◆ Aim of the exercise
Below are some records. Return exactly their lines from the one containing "2019 Toyota HILUX SR (4x4) GUN126R MY19 4X4" through the one containing "Unit 104 photo 13", and drop the pictures.

◆ Record set
-- Opening Marker --

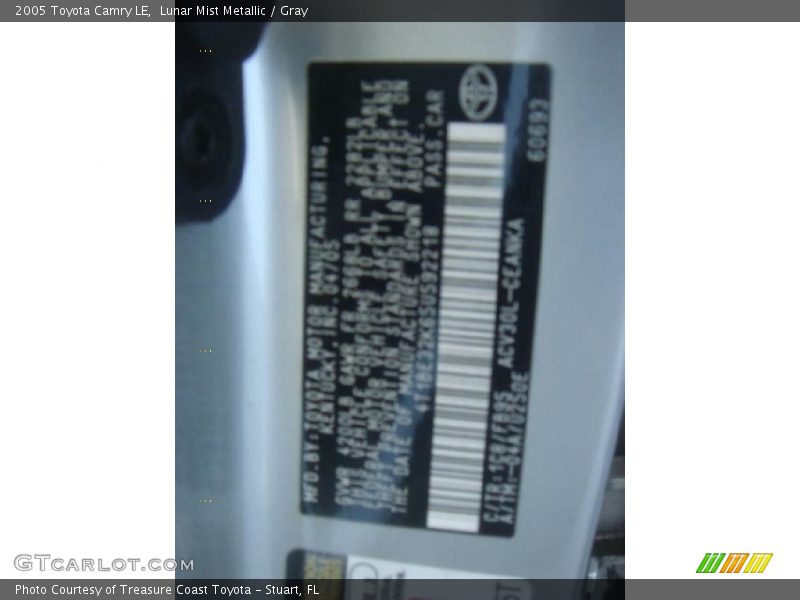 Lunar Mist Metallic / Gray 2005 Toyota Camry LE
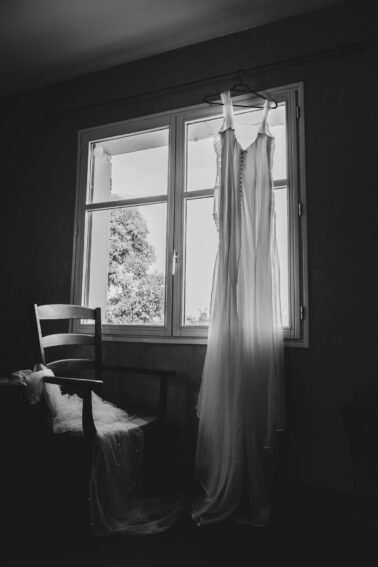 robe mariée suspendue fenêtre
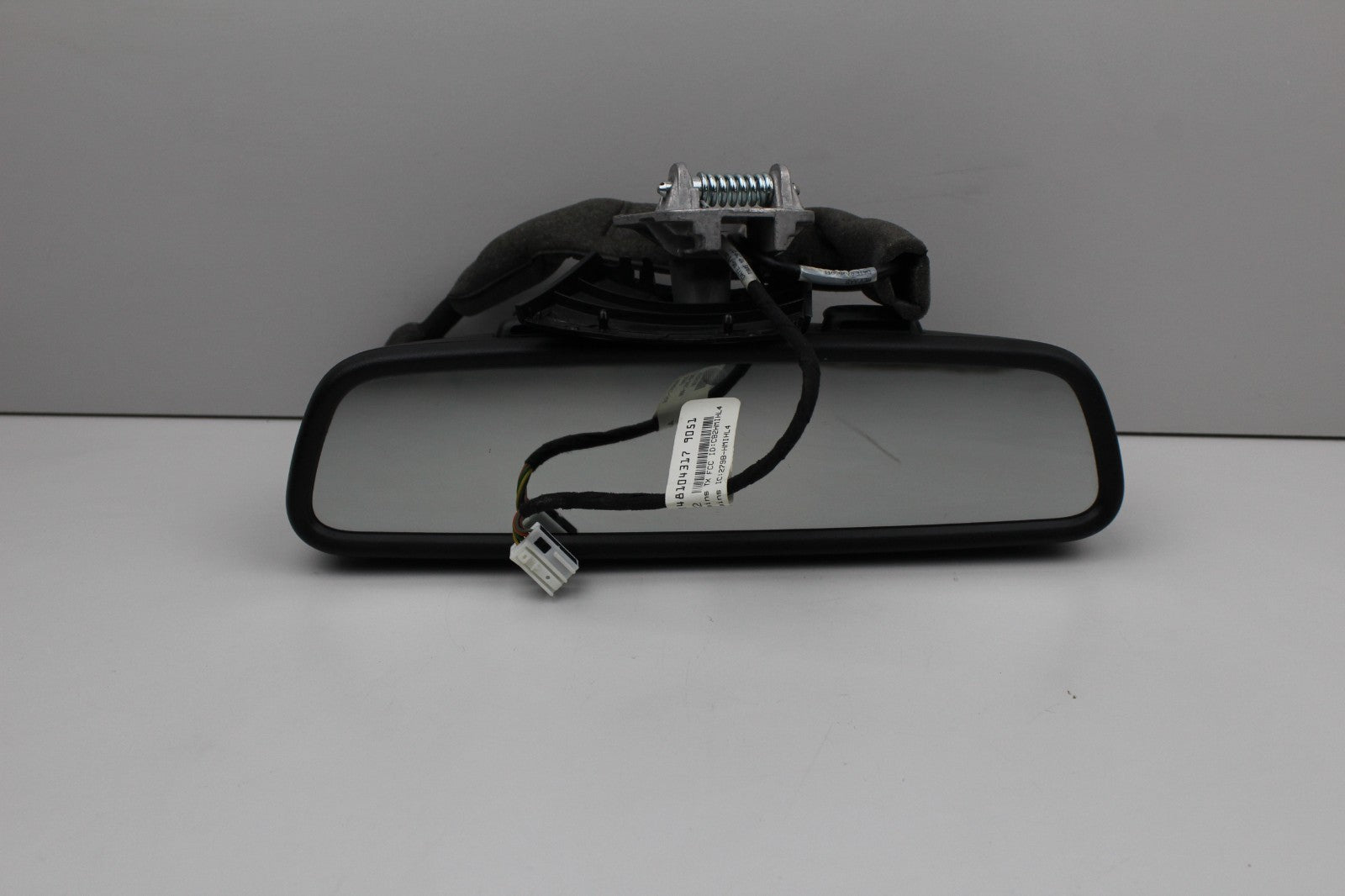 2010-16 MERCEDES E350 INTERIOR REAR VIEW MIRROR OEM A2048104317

-- Closing Marker --
-- Opening Marker --

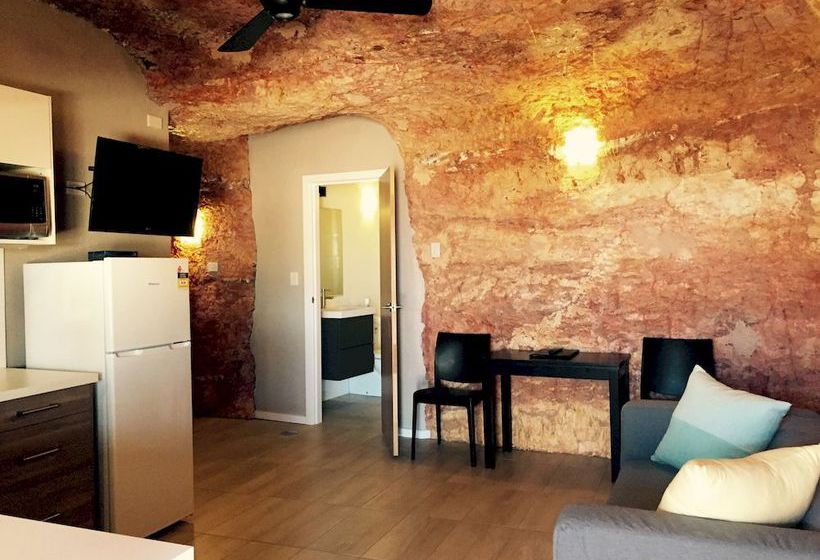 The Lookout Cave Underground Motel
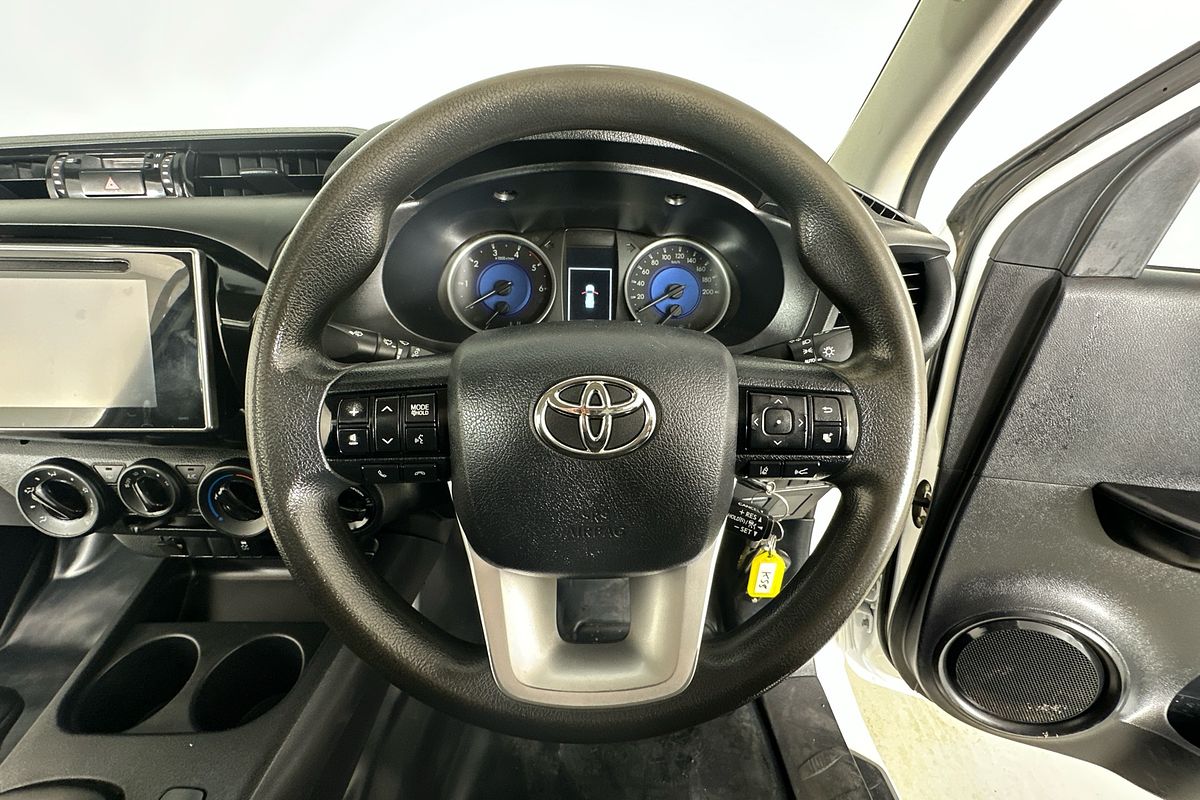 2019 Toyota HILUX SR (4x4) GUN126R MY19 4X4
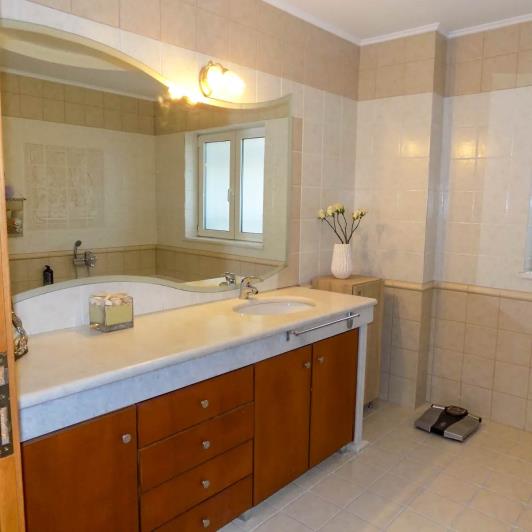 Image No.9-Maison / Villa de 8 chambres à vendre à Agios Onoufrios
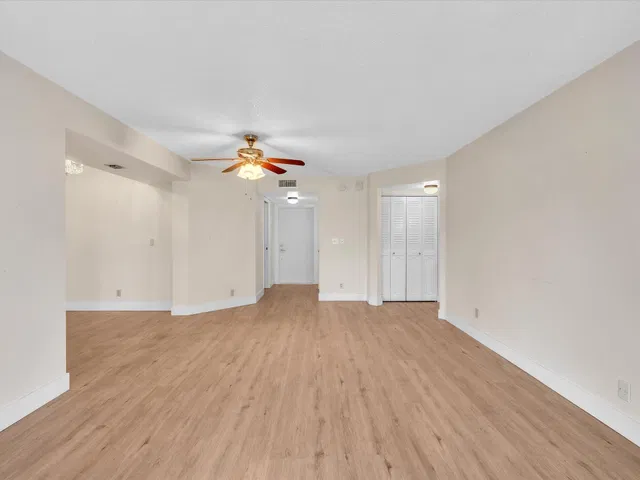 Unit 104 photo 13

-- Closing Marker --
-- Opening Marker --

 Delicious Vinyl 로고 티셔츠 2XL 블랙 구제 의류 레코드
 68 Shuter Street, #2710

-- Closing Marker --

◆ Answer section
 2019 Toyota HILUX SR (4x4) GUN126R MY19 4X4
 Image No.9-Maison / Villa de 8 chambres à vendre à Agios Onoufrios
 Unit 104 photo 13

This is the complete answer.